MVPs for PG's Harper, Donaldson

Photo: Perfect Game

Nat’s Harper unanimous pick in NL

After being deemed “Baseball’s Chosen One” when he appeared on the cover of Sports Illustrated in June 2009 as a 16-year-old high school junior-to-be, it’s seemed like Bryce Harper has always been set up like a bowling pin only to be famously knocked on his butt. There just wasn’t any way possible the young super-prospect could live up to such out-of-this-galaxy expectations.

Now, after four major league seasons as the Washington Nationals starting right fielder, Harper – an alumnus of the 2009 Perfect Game All-American Classic – seems to have not only reached those sky-high expectations SI put out there more than six years ago, he has surpassed them.

On Thursday night, based on balloting conducted by the Baseball Writers Association of America (BBWAA), Harper received his first National League Most Valuable Player Award. At the age of 22 years, 11 months when the 2015 regular-season ended, he became the fourth youngest player in major league history to ever win an MVP Award.

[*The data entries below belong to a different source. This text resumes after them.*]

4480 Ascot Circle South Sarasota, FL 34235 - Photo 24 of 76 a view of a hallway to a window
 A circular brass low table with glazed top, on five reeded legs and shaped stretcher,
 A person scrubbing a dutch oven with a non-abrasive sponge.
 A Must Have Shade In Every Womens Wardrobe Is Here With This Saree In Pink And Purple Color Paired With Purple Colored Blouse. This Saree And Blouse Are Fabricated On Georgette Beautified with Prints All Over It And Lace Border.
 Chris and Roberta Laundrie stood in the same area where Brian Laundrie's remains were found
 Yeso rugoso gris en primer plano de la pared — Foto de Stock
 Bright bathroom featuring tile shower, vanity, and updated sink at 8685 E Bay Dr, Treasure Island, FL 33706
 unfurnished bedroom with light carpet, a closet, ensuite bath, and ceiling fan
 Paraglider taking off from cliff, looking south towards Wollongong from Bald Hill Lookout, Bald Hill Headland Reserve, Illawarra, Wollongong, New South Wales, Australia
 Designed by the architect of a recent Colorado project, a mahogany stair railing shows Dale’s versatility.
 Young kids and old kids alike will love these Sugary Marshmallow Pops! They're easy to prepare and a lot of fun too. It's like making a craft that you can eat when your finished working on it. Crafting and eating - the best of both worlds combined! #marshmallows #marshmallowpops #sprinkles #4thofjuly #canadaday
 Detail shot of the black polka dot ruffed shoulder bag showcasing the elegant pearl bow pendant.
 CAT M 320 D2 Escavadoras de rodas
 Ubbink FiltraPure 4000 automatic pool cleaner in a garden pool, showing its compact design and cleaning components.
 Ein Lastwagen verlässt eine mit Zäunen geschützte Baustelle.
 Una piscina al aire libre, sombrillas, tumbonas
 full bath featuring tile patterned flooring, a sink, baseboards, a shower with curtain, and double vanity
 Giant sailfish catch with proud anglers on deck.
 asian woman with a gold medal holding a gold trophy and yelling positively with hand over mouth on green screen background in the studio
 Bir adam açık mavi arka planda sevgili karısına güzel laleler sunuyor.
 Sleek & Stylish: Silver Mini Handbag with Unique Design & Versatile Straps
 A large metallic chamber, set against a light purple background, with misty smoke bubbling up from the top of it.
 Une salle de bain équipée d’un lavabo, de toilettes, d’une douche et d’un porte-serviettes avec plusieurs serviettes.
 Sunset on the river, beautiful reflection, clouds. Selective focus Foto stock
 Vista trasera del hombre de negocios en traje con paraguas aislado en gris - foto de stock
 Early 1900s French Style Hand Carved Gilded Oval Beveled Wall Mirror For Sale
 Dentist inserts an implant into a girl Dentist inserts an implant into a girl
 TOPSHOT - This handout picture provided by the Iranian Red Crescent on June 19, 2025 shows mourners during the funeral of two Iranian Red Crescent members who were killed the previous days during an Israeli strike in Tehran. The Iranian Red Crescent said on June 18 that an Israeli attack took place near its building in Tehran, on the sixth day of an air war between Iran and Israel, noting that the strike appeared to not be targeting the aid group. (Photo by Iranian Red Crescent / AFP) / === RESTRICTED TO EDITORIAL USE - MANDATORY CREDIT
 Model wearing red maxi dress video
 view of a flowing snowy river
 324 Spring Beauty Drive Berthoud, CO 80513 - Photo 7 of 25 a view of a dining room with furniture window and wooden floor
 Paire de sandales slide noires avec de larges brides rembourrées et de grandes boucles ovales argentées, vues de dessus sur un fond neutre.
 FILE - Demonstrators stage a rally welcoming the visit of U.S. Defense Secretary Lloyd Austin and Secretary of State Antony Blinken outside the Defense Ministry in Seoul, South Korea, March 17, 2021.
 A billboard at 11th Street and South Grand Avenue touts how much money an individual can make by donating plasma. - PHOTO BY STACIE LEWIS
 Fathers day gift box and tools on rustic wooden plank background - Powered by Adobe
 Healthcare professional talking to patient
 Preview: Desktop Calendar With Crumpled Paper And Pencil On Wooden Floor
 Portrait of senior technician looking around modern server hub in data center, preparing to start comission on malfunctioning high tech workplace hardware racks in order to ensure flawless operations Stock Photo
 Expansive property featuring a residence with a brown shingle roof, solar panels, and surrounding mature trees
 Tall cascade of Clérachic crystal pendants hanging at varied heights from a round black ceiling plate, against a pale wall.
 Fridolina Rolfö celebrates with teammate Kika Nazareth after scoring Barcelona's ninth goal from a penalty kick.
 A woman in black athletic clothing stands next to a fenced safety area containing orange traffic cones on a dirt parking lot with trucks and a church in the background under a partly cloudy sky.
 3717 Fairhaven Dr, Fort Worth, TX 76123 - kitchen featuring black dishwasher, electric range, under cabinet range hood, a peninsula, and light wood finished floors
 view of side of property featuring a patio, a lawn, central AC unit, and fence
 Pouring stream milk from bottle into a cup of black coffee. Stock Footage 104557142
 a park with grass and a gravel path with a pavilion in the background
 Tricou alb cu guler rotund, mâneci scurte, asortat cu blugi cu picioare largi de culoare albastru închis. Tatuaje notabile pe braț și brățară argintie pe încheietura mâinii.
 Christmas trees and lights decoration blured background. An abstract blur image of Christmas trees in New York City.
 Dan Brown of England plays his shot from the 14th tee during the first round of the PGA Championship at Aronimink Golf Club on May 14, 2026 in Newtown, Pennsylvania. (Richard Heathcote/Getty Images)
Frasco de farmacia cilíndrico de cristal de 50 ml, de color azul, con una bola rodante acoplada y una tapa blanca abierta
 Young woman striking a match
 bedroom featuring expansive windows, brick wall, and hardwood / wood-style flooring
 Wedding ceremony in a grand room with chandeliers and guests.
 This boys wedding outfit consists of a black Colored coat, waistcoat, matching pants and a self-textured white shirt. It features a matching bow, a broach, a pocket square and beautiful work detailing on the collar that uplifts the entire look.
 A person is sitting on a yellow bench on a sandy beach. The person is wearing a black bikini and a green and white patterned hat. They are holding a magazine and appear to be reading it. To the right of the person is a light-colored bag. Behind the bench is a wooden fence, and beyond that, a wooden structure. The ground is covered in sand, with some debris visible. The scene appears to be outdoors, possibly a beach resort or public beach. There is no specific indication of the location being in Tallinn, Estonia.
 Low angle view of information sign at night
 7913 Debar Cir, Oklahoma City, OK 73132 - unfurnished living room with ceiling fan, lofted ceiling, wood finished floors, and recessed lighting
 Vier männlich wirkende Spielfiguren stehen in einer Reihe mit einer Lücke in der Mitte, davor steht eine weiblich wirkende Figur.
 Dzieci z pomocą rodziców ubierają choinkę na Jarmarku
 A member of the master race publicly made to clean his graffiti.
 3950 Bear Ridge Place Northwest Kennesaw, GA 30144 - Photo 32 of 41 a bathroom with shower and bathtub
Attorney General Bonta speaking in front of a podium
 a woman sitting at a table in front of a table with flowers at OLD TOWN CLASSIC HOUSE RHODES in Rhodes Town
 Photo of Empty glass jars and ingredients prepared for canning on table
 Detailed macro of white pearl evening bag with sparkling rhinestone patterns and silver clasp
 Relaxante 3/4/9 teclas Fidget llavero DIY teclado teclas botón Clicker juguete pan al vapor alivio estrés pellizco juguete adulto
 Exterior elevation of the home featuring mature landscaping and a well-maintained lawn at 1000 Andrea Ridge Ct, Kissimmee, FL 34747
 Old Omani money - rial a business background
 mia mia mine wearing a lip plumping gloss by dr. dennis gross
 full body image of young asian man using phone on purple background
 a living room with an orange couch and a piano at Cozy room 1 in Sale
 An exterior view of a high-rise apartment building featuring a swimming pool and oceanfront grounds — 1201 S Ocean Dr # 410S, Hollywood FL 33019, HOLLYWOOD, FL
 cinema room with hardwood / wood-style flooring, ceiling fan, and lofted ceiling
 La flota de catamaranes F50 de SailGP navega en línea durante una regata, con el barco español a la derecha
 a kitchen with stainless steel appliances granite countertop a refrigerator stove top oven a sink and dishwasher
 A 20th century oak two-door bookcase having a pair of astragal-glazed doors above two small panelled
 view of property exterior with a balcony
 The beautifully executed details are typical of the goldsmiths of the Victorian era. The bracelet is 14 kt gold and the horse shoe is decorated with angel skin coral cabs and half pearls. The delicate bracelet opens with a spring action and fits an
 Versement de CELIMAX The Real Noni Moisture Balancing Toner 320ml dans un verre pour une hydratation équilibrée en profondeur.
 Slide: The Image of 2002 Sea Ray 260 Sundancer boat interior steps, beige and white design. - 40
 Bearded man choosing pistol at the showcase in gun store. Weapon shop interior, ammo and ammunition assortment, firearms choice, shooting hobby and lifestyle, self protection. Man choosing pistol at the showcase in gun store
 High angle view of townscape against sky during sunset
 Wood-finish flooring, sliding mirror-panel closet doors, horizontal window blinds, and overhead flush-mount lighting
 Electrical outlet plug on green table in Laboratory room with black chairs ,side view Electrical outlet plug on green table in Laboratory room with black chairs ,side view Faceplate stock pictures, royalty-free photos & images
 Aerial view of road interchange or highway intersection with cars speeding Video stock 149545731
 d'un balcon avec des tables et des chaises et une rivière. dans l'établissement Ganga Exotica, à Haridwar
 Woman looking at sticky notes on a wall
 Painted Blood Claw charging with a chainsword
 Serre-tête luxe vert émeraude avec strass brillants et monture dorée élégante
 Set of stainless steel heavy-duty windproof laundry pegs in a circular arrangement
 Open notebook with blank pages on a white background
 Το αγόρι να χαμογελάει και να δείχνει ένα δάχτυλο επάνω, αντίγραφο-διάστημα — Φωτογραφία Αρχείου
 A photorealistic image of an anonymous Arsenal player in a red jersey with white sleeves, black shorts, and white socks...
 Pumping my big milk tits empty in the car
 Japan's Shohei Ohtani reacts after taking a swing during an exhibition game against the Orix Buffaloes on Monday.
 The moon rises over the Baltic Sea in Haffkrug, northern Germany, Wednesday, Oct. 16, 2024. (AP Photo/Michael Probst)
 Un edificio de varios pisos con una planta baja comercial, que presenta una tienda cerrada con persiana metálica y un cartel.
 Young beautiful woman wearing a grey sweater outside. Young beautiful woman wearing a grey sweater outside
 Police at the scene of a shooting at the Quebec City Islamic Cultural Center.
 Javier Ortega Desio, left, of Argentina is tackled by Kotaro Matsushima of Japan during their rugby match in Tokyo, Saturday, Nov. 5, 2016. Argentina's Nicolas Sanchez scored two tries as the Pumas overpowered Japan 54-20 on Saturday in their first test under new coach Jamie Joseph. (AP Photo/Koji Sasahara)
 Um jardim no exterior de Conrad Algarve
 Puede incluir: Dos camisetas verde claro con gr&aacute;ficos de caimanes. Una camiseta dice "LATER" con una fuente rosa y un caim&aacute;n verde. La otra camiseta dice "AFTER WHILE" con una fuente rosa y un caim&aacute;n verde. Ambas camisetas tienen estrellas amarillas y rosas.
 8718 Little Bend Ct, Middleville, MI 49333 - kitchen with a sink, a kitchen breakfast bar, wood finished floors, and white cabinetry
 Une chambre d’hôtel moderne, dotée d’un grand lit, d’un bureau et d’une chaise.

Harper’s selection was unanimous – he received all 30 first-place votes and 420 points. Arizona Diamondbacks first baseman Paul Goldschmidt received 18 of the 30 second-place votes and finished runner-up with 234 points; Cincinnati Reds first baseman Joey Votto was third with 175 points.

“At the beginning of the year, that was my goal from Day 1,” Harper told MLB Network after he was announced as the winner. “Absolutely, to win a World Series and get to the playoffs, but No. 2 to be able to win an MVP and do the things I could to help my team win every single day.”

The selection of Harper in the National League and the Toronto Blue Jays’ Josh Donaldson in the American League brings to seven the number of Perfect Game alumni that have won MLB MVPs, all since 2010. Previous winners were Votto (NL, 2010), Buster Posey (NL, 2012), Andrew McCutchen (NL, 2013), Mike Trout (AL, 2014) and Clayton Kershaw (NL, 2014).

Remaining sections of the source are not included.